-- HOW TO COMPLETE THIS TASK --
Only the lines from the first line of the records through the line containing "ron-kinh-950.50.000-hafele-180-do-kinh-day-8-10mm-mh" belong in the answer. Copy them exactly.

-- DATA --
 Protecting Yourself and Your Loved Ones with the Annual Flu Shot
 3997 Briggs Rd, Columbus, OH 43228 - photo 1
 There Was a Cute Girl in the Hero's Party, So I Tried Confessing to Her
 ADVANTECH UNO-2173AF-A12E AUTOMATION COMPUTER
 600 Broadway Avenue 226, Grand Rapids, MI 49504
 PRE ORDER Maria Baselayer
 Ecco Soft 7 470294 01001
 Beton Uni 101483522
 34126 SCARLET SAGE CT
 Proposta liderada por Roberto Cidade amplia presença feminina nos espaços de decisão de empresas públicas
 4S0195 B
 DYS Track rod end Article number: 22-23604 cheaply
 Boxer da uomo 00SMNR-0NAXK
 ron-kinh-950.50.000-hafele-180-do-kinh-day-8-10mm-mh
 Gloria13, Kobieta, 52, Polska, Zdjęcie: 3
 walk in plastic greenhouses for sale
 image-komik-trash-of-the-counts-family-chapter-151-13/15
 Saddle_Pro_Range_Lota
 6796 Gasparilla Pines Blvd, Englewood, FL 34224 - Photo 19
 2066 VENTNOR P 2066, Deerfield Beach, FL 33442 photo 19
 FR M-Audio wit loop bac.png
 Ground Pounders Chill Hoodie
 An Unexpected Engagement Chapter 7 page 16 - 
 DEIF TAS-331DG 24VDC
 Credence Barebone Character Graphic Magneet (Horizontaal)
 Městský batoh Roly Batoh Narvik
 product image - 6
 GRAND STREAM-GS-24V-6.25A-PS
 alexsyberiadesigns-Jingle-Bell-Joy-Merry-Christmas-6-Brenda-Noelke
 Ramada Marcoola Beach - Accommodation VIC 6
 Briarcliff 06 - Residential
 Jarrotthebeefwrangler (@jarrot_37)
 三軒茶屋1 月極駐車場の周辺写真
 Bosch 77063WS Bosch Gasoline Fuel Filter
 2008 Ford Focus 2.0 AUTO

-- OUTPUT OF THE TASK --
 Protecting Yourself and Your Loved Ones with the Annual Flu Shot
 3997 Briggs Rd, Columbus, OH 43228 - photo 1
 There Was a Cute Girl in the Hero's Party, So I Tried Confessing to Her
 ADVANTECH UNO-2173AF-A12E AUTOMATION COMPUTER
 600 Broadway Avenue 226, Grand Rapids, MI 49504
 PRE ORDER Maria Baselayer
 Ecco Soft 7 470294 01001
 Beton Uni 101483522
 34126 SCARLET SAGE CT
 Proposta liderada por Roberto Cidade amplia presença feminina nos espaços de decisão de empresas públicas
 4S0195 B
 DYS Track rod end Article number: 22-23604 cheaply
 Boxer da uomo 00SMNR-0NAXK
 ron-kinh-950.50.000-hafele-180-do-kinh-day-8-10mm-mh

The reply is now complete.